*** Begin section ***

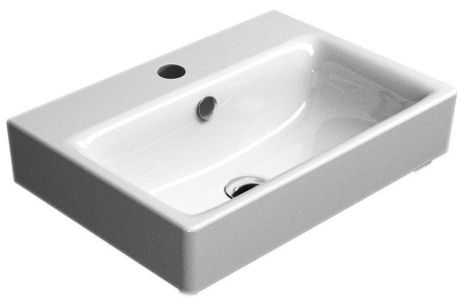 Przejdź do produktu SAND umywalka ceramiczna 55x40 cm, biały ExtraGlaze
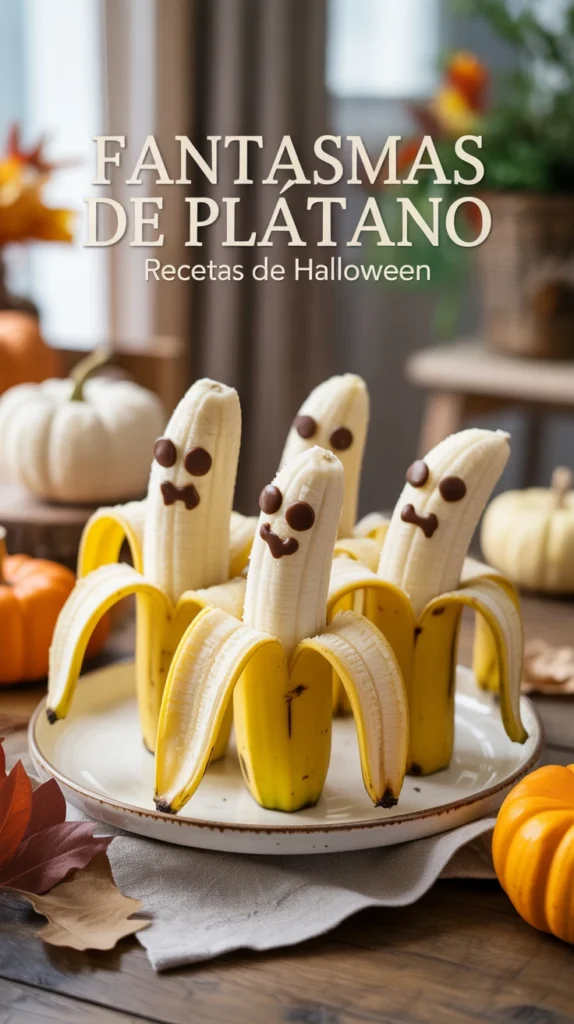 recetas halloween fantasmas platano
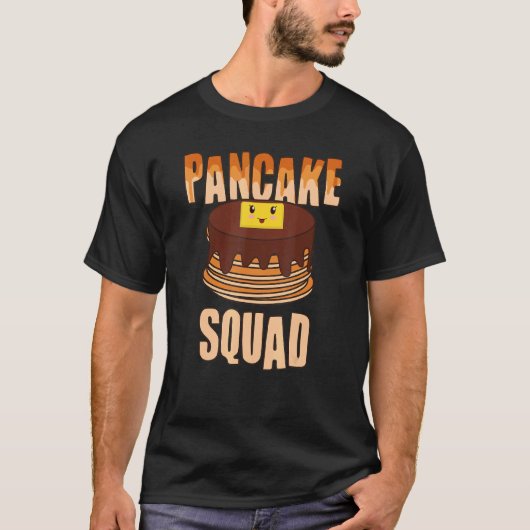 Bake pancake squad Pancakes 1 Tシャツ (正面)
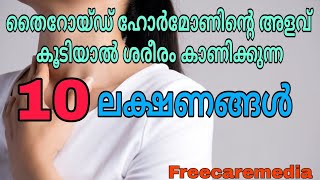 Thyroid symptoms malayalamHyperthyroidism [upl. by Assiluy]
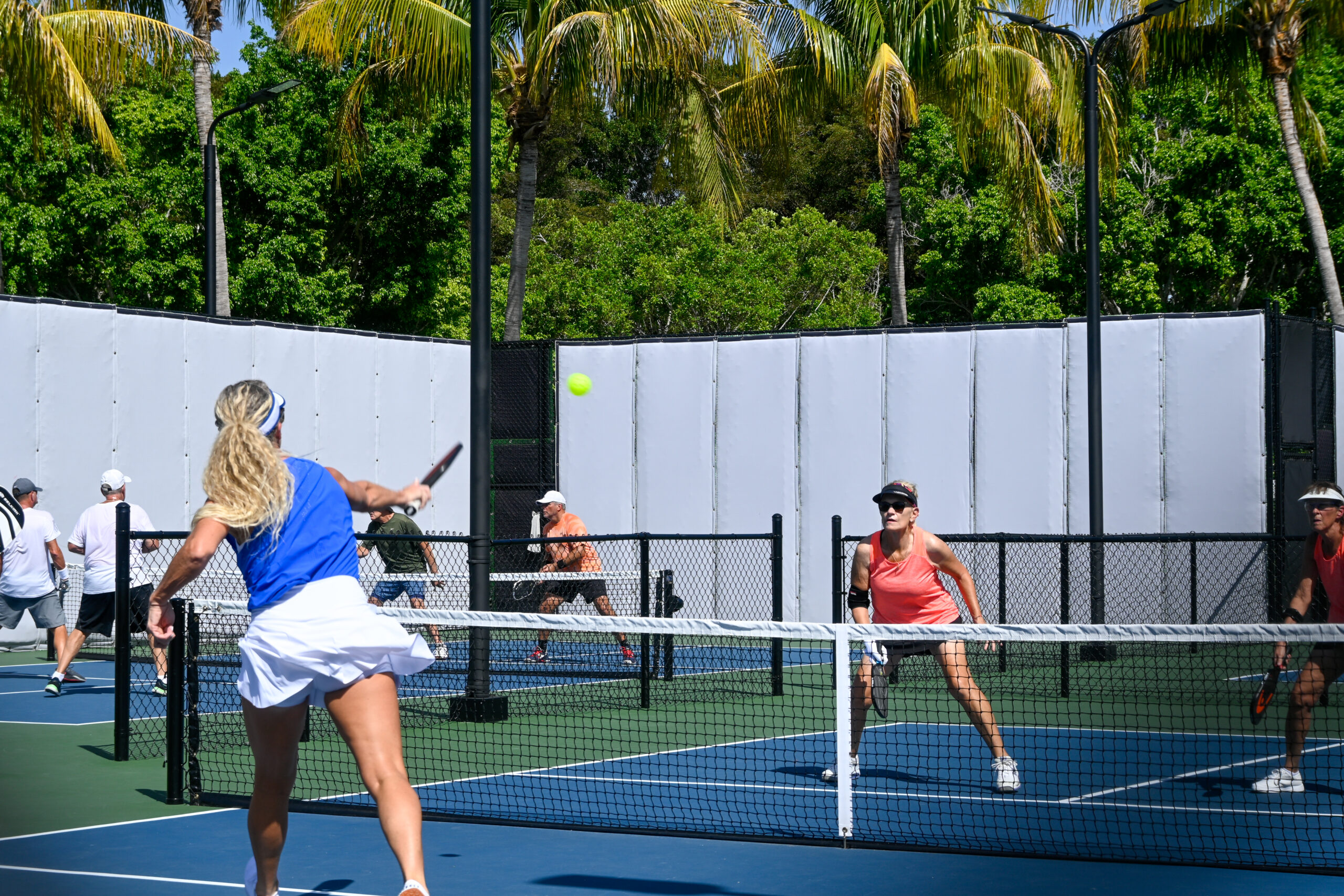 Pickleball courts at the Miromar Lakes Racquet Club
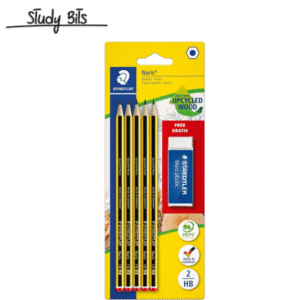5 PENCILS + LARGE ERASER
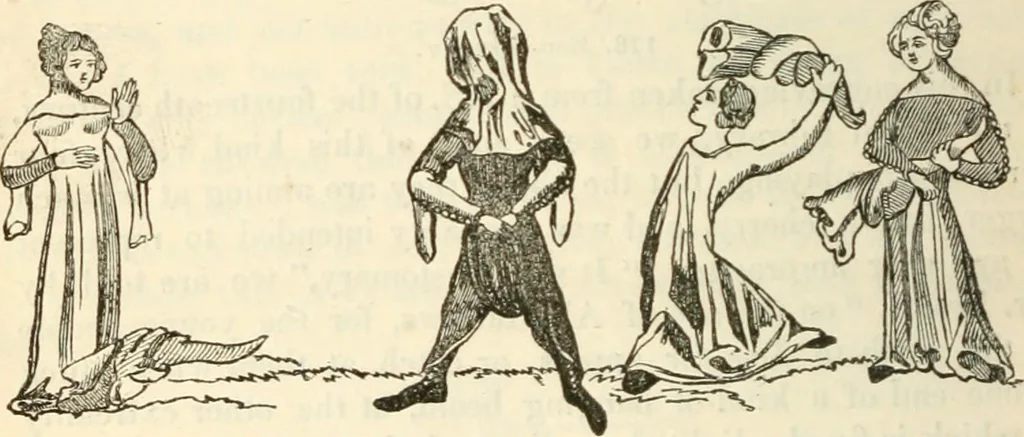 An illustration from The sports and pastimes of the people of England : Including the rural and domestic recreations, May games, mummeries, shows, processions, pageants, and pompous spectacles, from the earliest period to the present time, 1845, leaf 459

*** End section ***

Copy exactly the lines from the one containing "5 PENCILS + LARGE ERASER" to the end of the records, both included, and leave the pictures out.

5 PENCILS + LARGE ERASER
 An illustration from The sports and pastimes of the people of England : Including the rural and domestic recreations, May games, mummeries, shows, processions, pageants, and pompous spectacles, from the earliest period to the present time, 1845, leaf 459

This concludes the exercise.